→ Information provided:
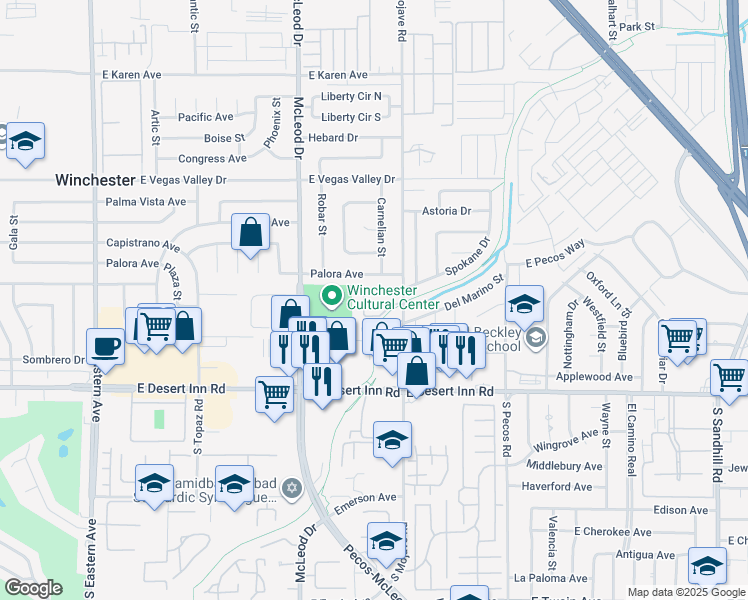 map of restaurants, bars, coffee shops, grocery stores, and more near 3115 Palora Avenue in Las Vegas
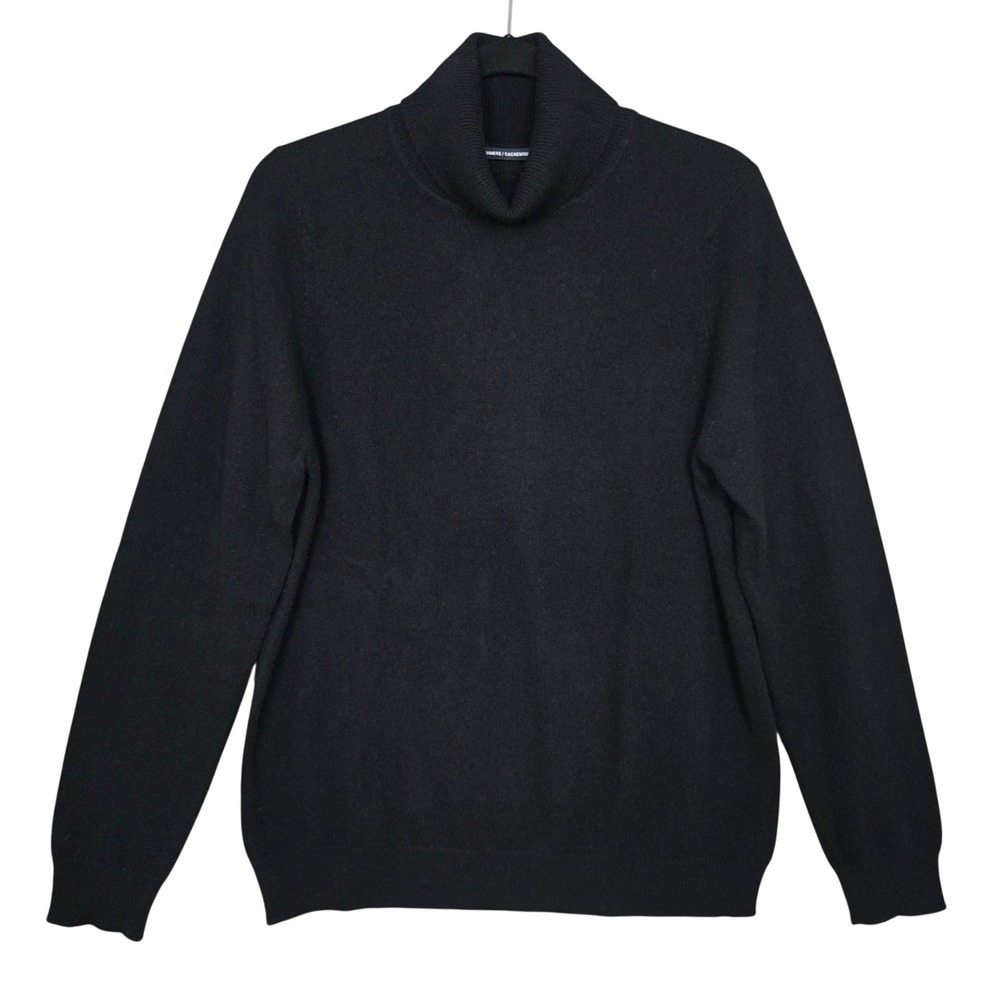 NWT Hudson's Bay Women's 100% Cashmere 2-Ply Knit Turtleneck Sweater Black Large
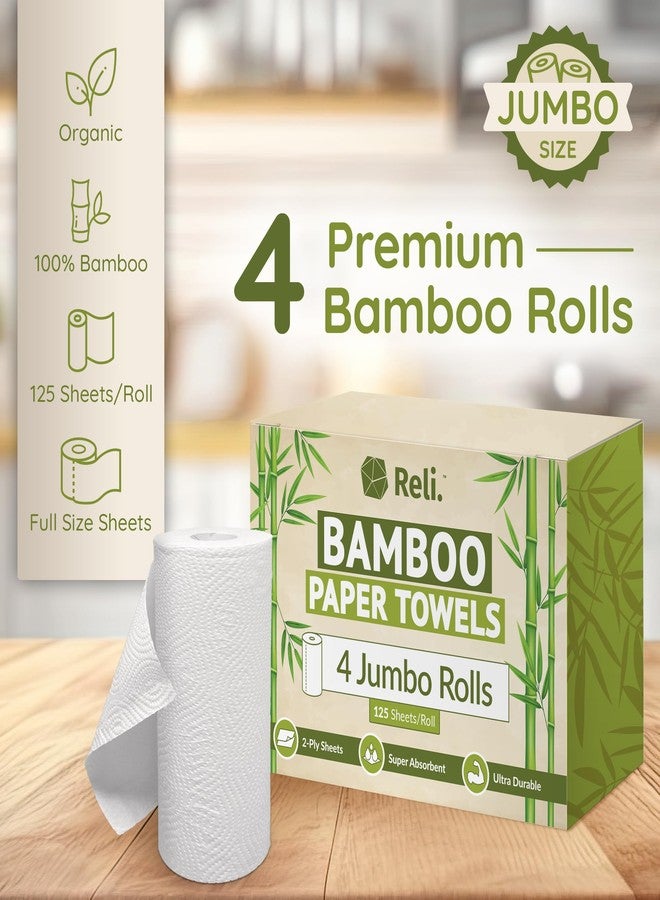 Reli. Bamboo Paper Towels (4 Pack, Jumbo) | Paper Towels Rolls 2 Ply | 125 Sheets/Roll, Full Size Sheets | Unbleached, Organic Rolls for Kitchen, Bathroom | 100% Bamboo - Image 2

→ The task: Omit the pictures, then set down all the remaining data exactly as given.

→ Exercise response:
 map of restaurants, bars, coffee shops, grocery stores, and more near 3115 Palora Avenue in Las Vegas
 NWT Hudson's Bay Women's 100% Cashmere 2-Ply Knit Turtleneck Sweater Black Large
 Reli. Bamboo Paper Towels (4 Pack, Jumbo) | Paper Towels Rolls 2 Ply | 125 Sheets/Roll, Full Size Sheets | Unbleached, Organic Rolls for Kitchen, Bathroom | 100% Bamboo - Image 2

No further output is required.